El acto era la presentación de un libro, “Camigrants”, de José Figueres, editado por Vincle, que, como sugiere el título, cuenta historias sobre inmigrantes, en especial en las dificultades que tienen no solo para llegar sino también para salir adelante. En la presentación, además del autor y el editor, como es habitual, intervino un chico, un inmigrante como los que protagonizaban la obra. Un muchacho que, siendo todavía menor de edad, dejó atrás toda la vida que conocía para meterse en una patera y llegar a nuestro país en busca de la esperanza que su tierra le negaba.

No quiso contarnos demasiado del que debió ser su terrible periplo hasta conseguir llegar. Más que probablemente, pasaría por trances tan terribles que ni siquiera somos capaces de imaginar desde nuestra zona de confort. Pero él quería transmitirnos un mensaje, y lo hizo tras haber captado nuestra atención con su sola presencia como si tuviera un imán.

“Soy feliz”, nos dijo con una sonrisa franca y contagiosa. “Soy feliz porque tengo trabajo, casa y papeles” Su familia vive a miles de kilómetros de distancia, hace años que no los ve y no pudo estar en el entierro de su padre, hace más de un año. Pero repetía “soy feliz”. Varias veces y sin dudar lo más mínimo.

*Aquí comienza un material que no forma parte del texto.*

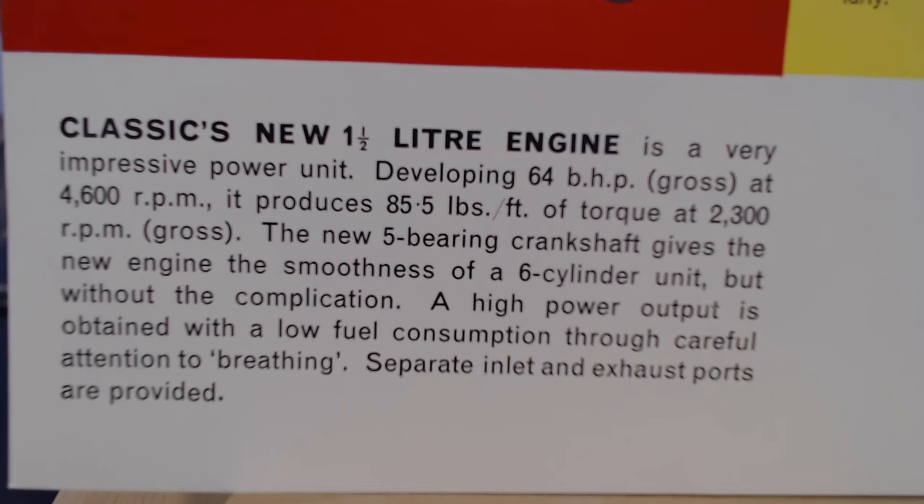The brochure mentions this new engine a lot — don't forget the original engine was a 1340cc unit, and now we've gone up to this larger engine. The text tells us: 'The Classic's new one and a half litre engine is a very impressive power unit developing 64 bhp at 4,600 rpm. It produces 85.5 pounds foot of torque at 2,300 rpm. The new five bearing crankshaft gives the new engine the smoothness of a six cylinder unit but without the complication. A high power output is obtained with low fuel consumption through careful attention to breathing — separate inlet and exhaust ports are provided.'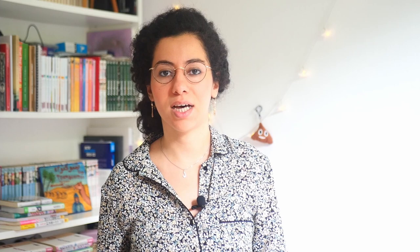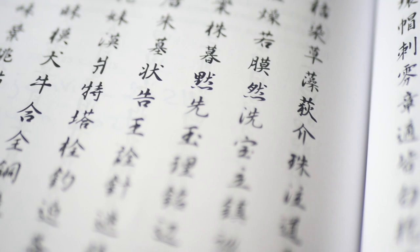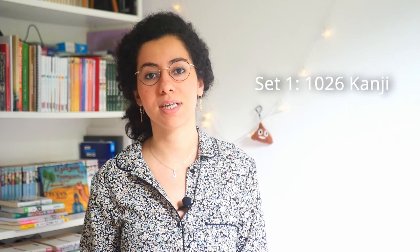If you've never heard of joyo kanji — which is very unlikely if you're studying Japanese — these are the 2,136 kanji, or Chinese characters, that are in common usage. It's not an exhaustive list of all the kanji in existence, but rather a literacy baseline for those who have completed compulsory education in Japan. They are divided into two sets: the first consists of 1,026 characters taught in primary school (grades 1 to 6), and the second consists of 1,110 characters taught in secondary school (grades 7 to 12).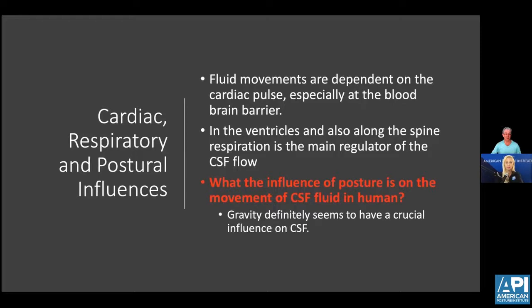Fluid movements are also dependent on the cardiac pulse, especially at the blood-brain barrier. The ventricles, also along the spine, create respiratory motion and compression forces to move CSF. Gravity plays a crucial role not only in the movement of CSF, but in the development of neuroplastic patterns and ossification centers in bone. As the child goes through primary reflex stages and milestone stages, these change structural stresses and gravitational forces on the CSF mechanism, the dural meningeal system, and across the bones. Stress on the dural meningeal system acts as gravitational forces to change and remodel cranial bones — particularly relevant for kids with plagiocephaly and scaphocephaly.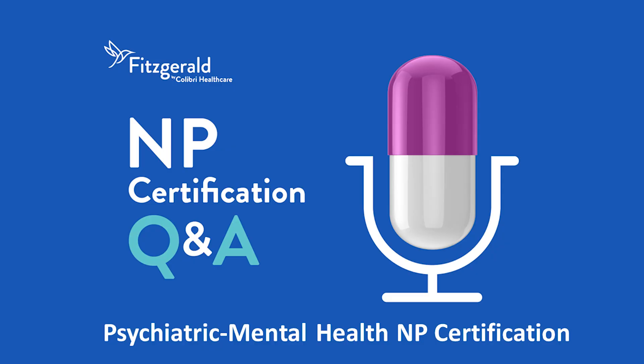Thank you for listening to NP Certification Q&A, presented by Fitzgerald Health Education Associates. Please rate, review, and subscribe to this podcast. And for more NP resources, visit FHEA.com. Thank you for listening.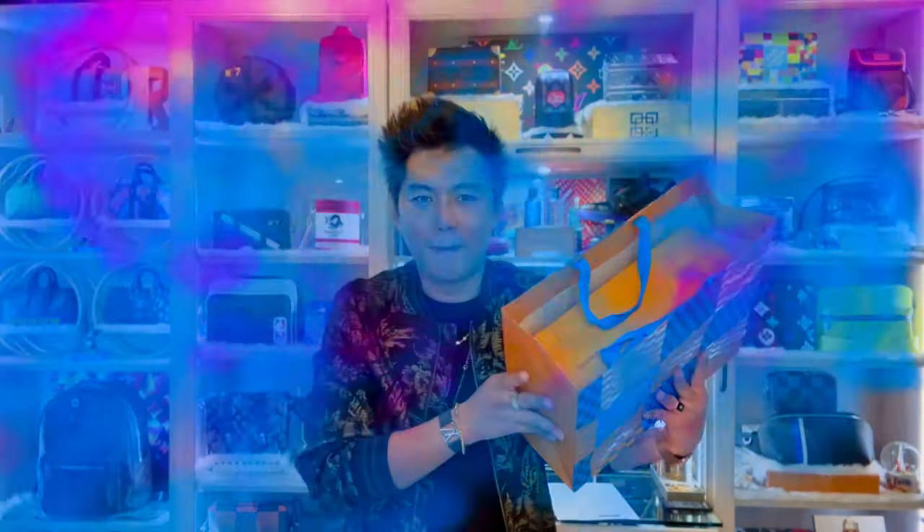Hi guys, it's Rewat Kids Journal. Welcome back to my channel. So in this video, I'm going to unbox and share with you guys. This one is part of the Hawaii purchase. I almost forgot this bag, so let's do the unboxing.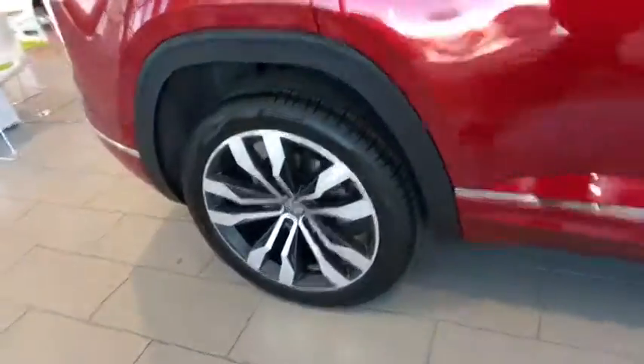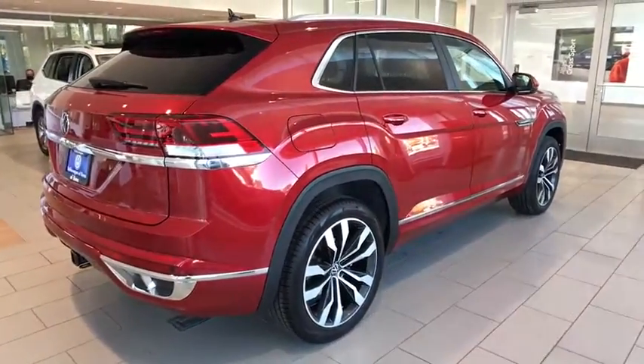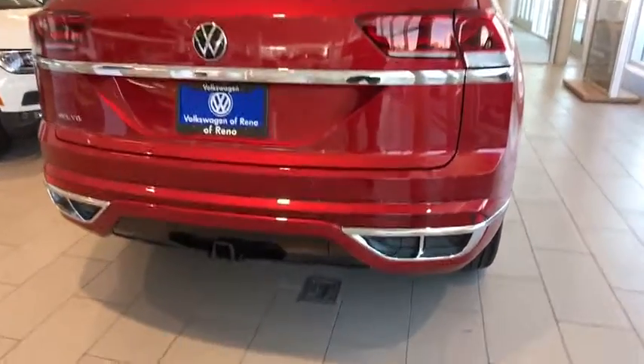Remote engine start, navigation system, keyless entry, power liftgate, power passenger seat, backup camera, leather-wrapped steering wheel, power steering, driver lumbar, adjustable steering wheel, cruise control.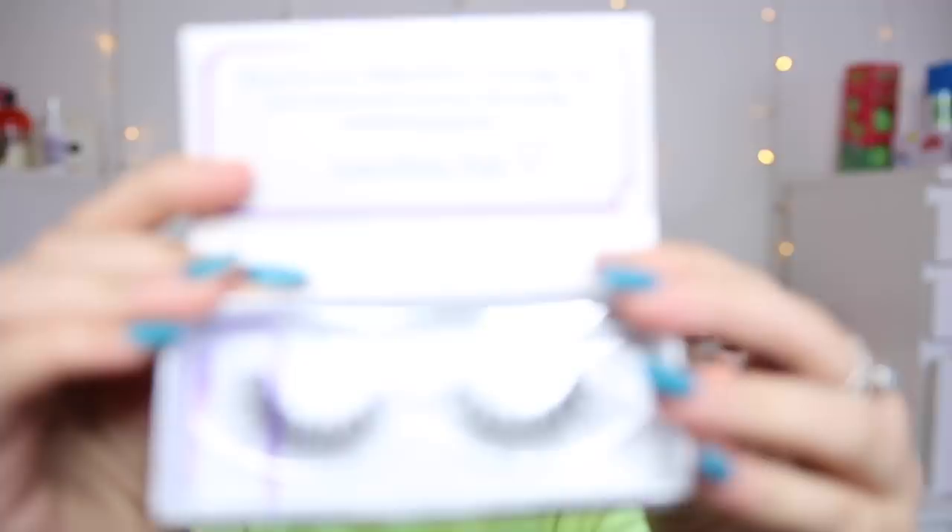For lashes today I'm using the Indigo Rose Sugar lashes. Indigo Rose is actually run by a girl I used to go to college with — her name is Tori and she's just brought out her own eyelashes. She's brought out three styles: Confidence, Vonnie, and Sugar. I'll leave her Instagram in the description. I'm going to use the style Sugar as they look right up my alley — a little bit of glam but also quite soft for everyday wear.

Su afirmación me llegó como un dardo directo al corazón. Pensé en mis hijas cuando tenían su misma edad -hace apenas un año cumplió los 18- y, con ellas, en nuestra juventud, con su perpetua insatisfacción y su búsqueda de no se sabe muy bien qué. Pensé en la sobreprotección en que frecuentemente incurrimos los padres y en el dineral que gastamos en dar a nuestros descendientes los caprichos más absurdos. Y nunca nos paramos a pensar que todas esas cosas que tienen, las que tenemos, se deben a un capricho del destino: haber nacido a esta parte del mundo.

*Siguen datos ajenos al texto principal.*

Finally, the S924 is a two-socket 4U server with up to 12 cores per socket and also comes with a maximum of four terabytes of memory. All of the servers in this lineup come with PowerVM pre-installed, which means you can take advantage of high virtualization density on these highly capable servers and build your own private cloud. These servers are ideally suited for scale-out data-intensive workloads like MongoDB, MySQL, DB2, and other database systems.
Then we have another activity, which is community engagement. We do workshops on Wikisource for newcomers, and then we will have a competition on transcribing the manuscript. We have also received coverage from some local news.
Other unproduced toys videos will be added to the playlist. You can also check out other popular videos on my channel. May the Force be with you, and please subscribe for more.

Por un momento, se me pusieron los pelos como escarpias al pensar en esos padres, sin recibir noticias de su hijo desde que se lanzó al mar, y, en comparación, en nuestro nerviosismo si nuestras criaturas de retrasan sobre la hora prevista. Y así todo. Nuca somos conscientes de nuestros privilegios.

El es feliz porque tiene casa, trabajo y papeles. ¿Cuántas cosas necesitaríamos para llegar a decir lo mismo?